Book 42: The Strange and Beautiful Sorrows of Ava Lavender by Leslye Walton

I went into The Strange and Beautiful Sorrows of Ava Lavender expecting really great things, so it was probably inevitable that I came away a little disappointed. Normally I love magical realism, and this book, with its protagonist born with wings and its generations of women who turn into birds and bake their feelings, has magic in spades. That might be part of the problem. It just didn't feel entirely genuine to me; the improbable events didn't draw me further into the world of Ava Lavender and her family, instead they alienated me from it. They were just so heavyhanded. I felt like I was just skimming of the surface of the book, but every time I tried to get my hair wet something would slap me back up and out of it.

I want to try to read this book again in a few years, to see if something has shifted and I finally "get it," but I worry that the time I would have truly loved this book would have been limited to when I was sixteen and in love with sobbing over heartbreak and ill-fated love.

The writing is lovely, if a little purple at times. I was a bit surprised at first that the book went so far back into Ava Lavender's family history before getting to her story, but I actually really enjoyed hearing about her mother and grandmother.

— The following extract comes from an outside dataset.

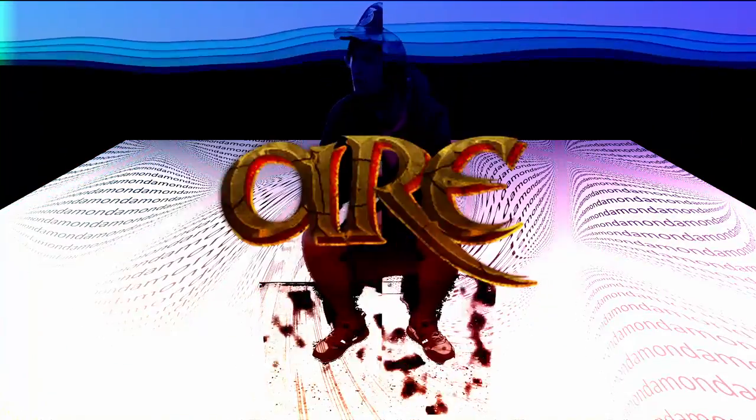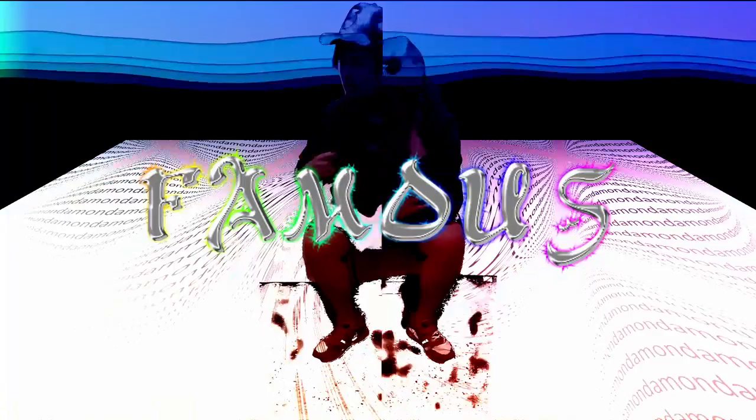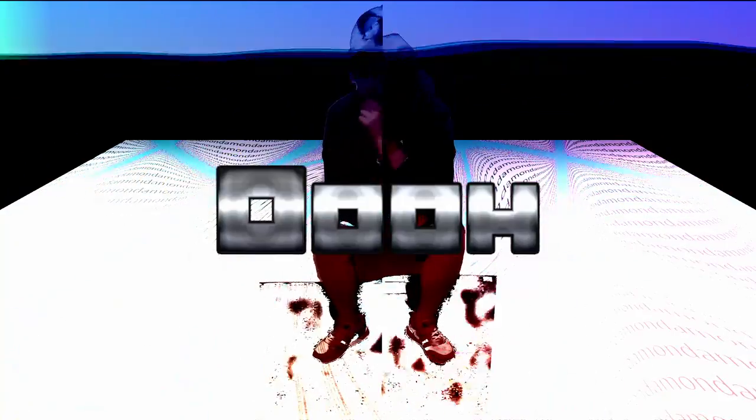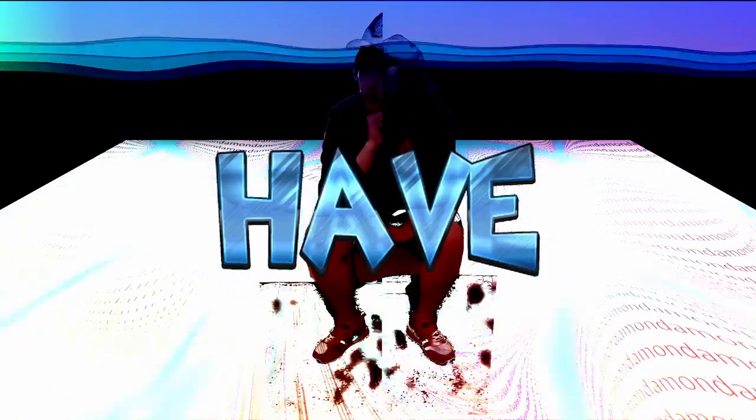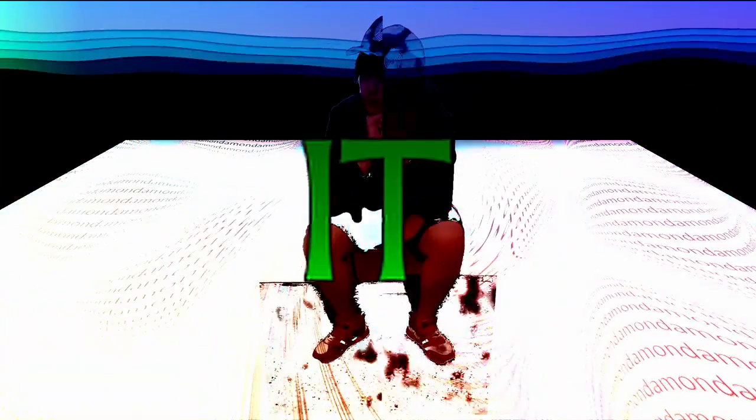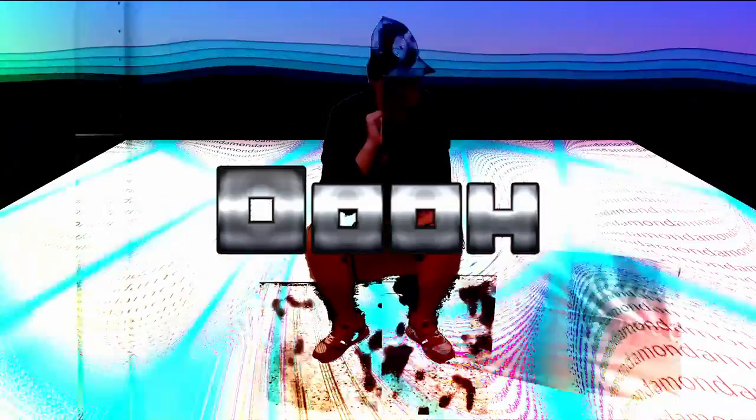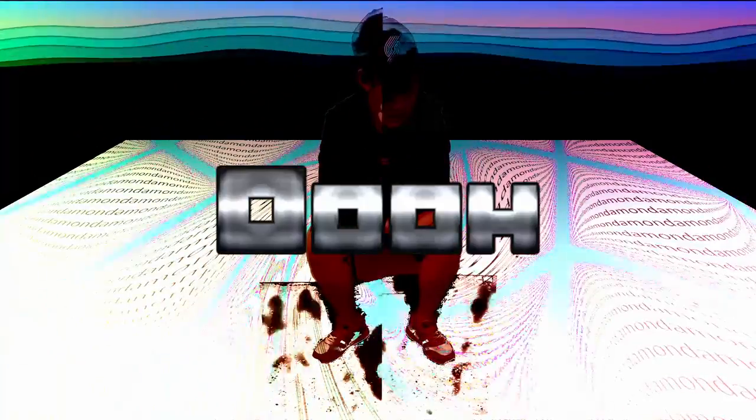Damon, are you famous now? Ooh Damon, are you famous now? Ooh Damon, are you famous now? Ooh, ooh.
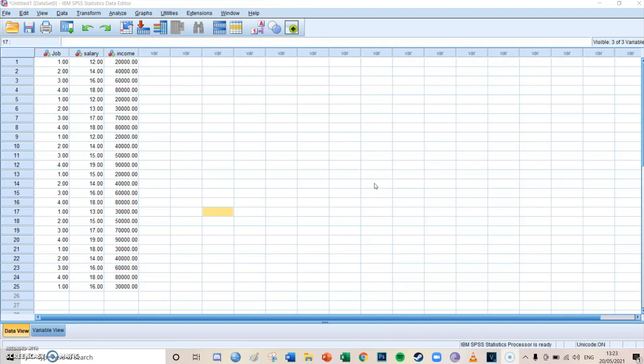I recommend watching episodes 10 and 13 because they explain the basics of a regression model and a regression model with a confounder. It's important to watch those first, but you're obviously not required if you already know how a regression model works and can start with this episode straight away.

Maybe my problem was reading this so soon after Like Water for Chocolate; I was too overloaded on magical realism to begin with. Maybe all of the excellent reviews I read beforehand gave me unrealistic expectations that this book would be one of those few that can read your soul and upend and enhance your understanding of the world. Sadly, it was not that book for me, but I can see how it might be that book for someone else.